In this role, you will design and build data products. You will develop and maintain scalable, reusable data products that serve as foundational assets for analytics, reporting, and machine learning pipelines.
You will be architecting and optimizing data pipelines You will lead the design, develop, and enhance ETL/ELT workflows using AWS Lambda, AWS Glue, Snowflake, and Databricks You will ensure high-performance, scalable, and cost-efficient data processing solutions.
You will manage and scale data infrastructure. You will oversee cloud-based data environments, configure optimized storage solutions (S3, Snowflake, Delta Lake), and manage compute resources for efficient data processing.
You will perform tuning and optimization. You will implement advanced query tuning, indexing strategies, partitioning techniques, and caching to maximize efficiency in Snowflake and Databricks.
You will check cross-functional collaboration. You will partner with data scientists, engineers, and business teams to deliver well-structured, analytics-ready datasets that drive insights and machine learning initiatives.
You will govern data, compliance and security. You will establish and enforce best practices for access control, data lineage tracking, encryption, and compliance with industry standards (SOC 2, GDPR).

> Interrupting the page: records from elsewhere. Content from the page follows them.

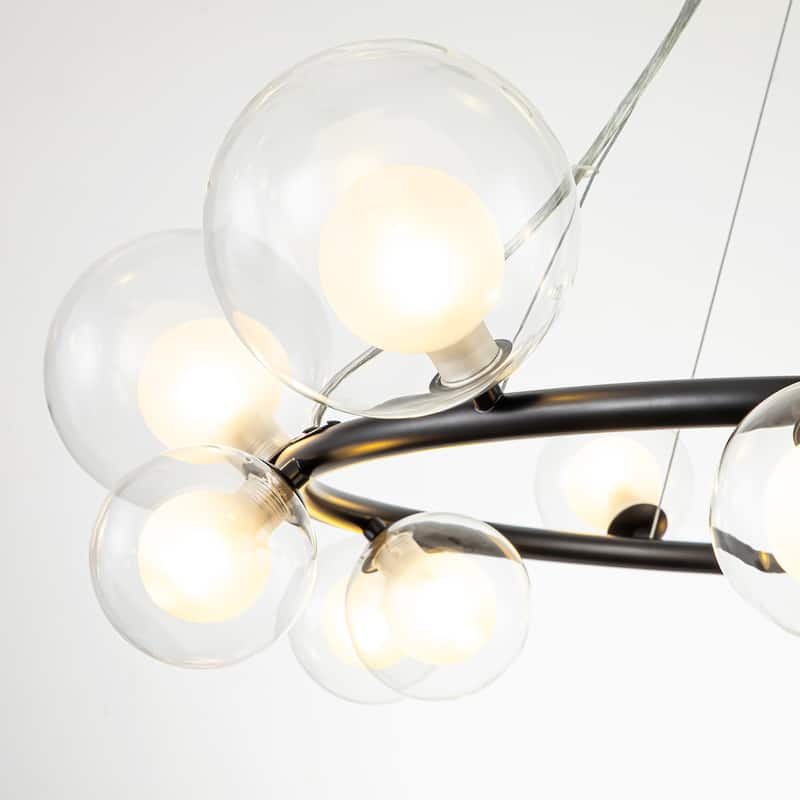 14-Light Cluster Sputnik Glass Globe Bubble Pendant Wagon Wheel Chandelier for Living/Dining Room - 32.7" W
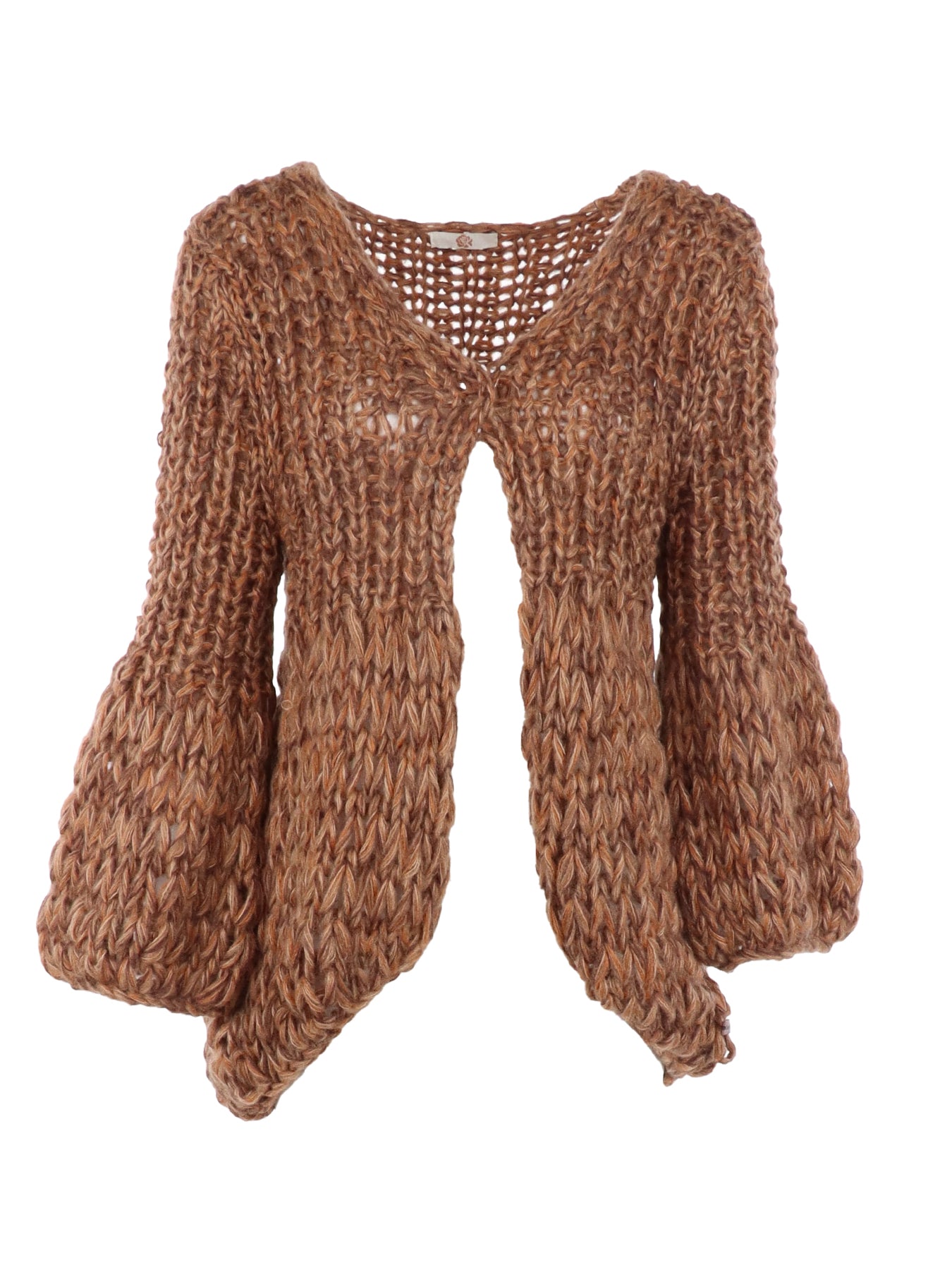 Cardigan camel grosse maille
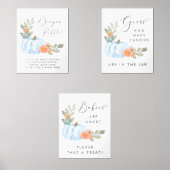 Pompoen Baby Boy Douche Spelletjes Favorieten Post Muurkunst Sets (Voorkant)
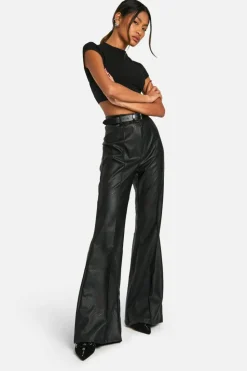Flash Sale boohoo Leather Look High Waisted Seam Front Flared Trousers black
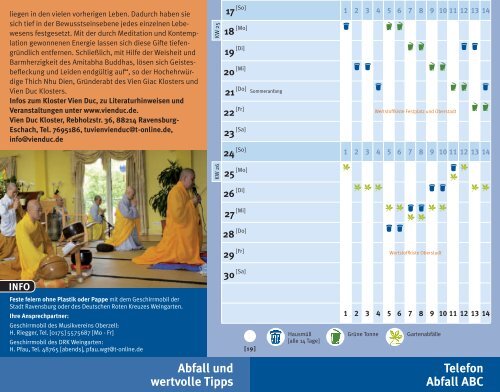 Umweltkalender 2012 - Stadt Weingarten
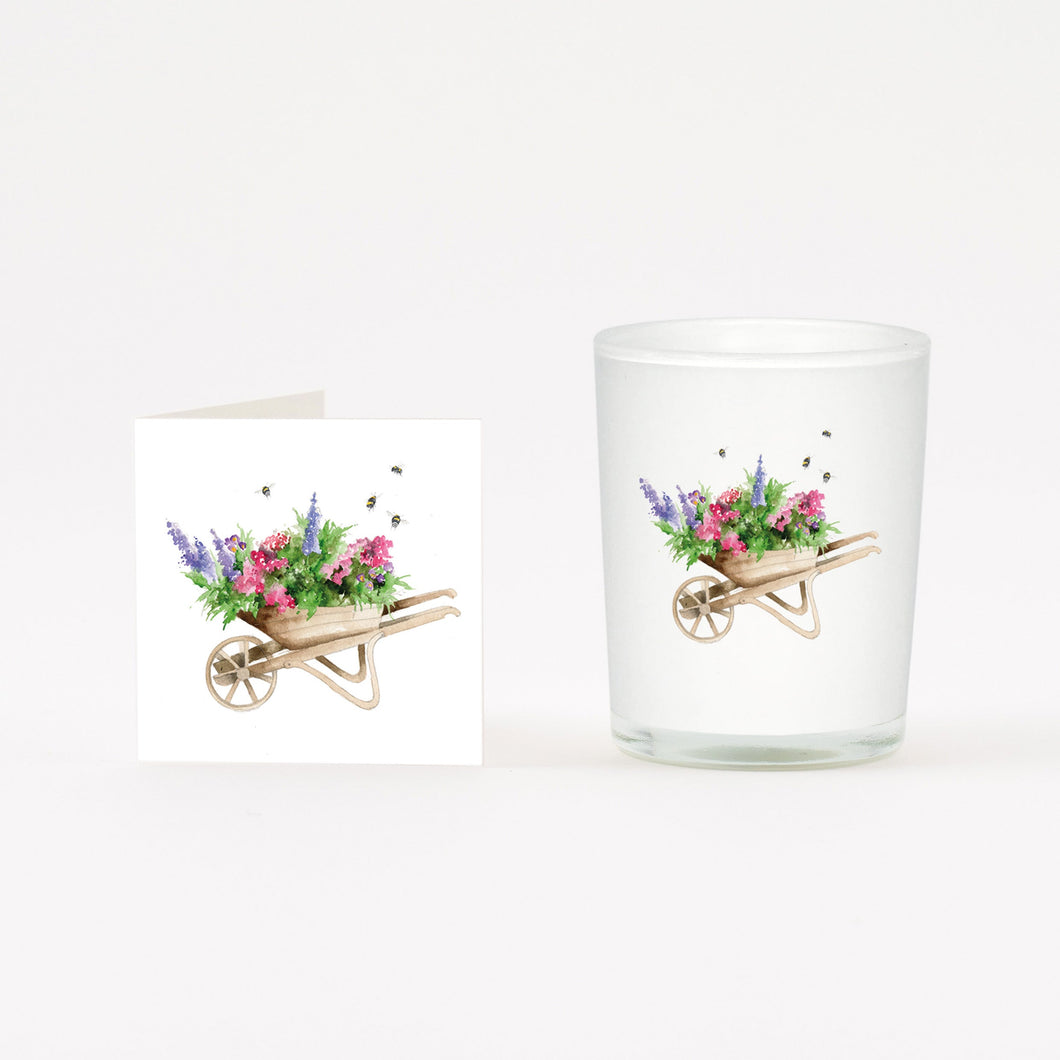 Wheelbarrow Boxed Candle and Card Candles Crumble and Core White 20cl 
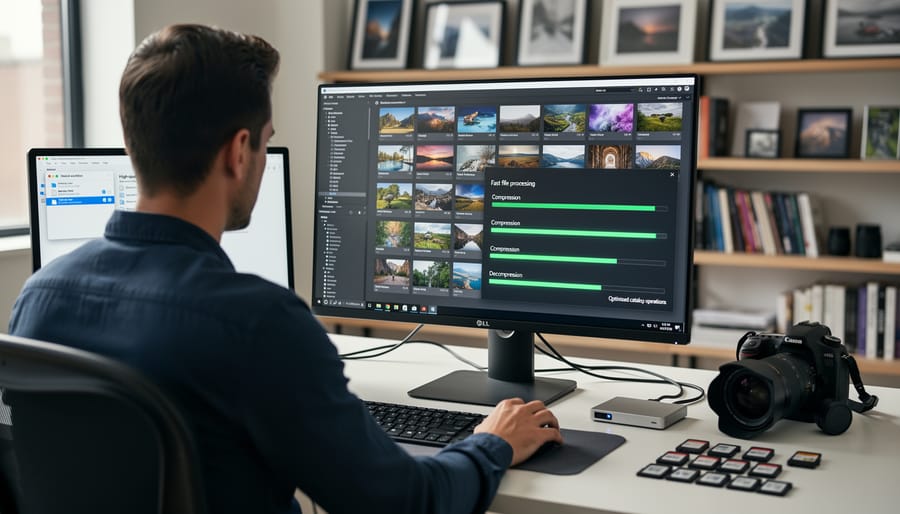Photographer editing photos on dual monitor workstation setup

You will automate and observe: build resilient, automated data workflows leveraging tools such as Step Functions and Databricks Workflows. You will implement proactive monitoring, logging, and alerting to ensure system reliability and data quality.
You will drive innovation and best practices. You will be responsible to mentor junior engineers, stay ahead of emerging technologies, participate in hackathons, contribute to internal knowledge sharing at team and company levels, and champion continuous improvement in data engineering methodologies.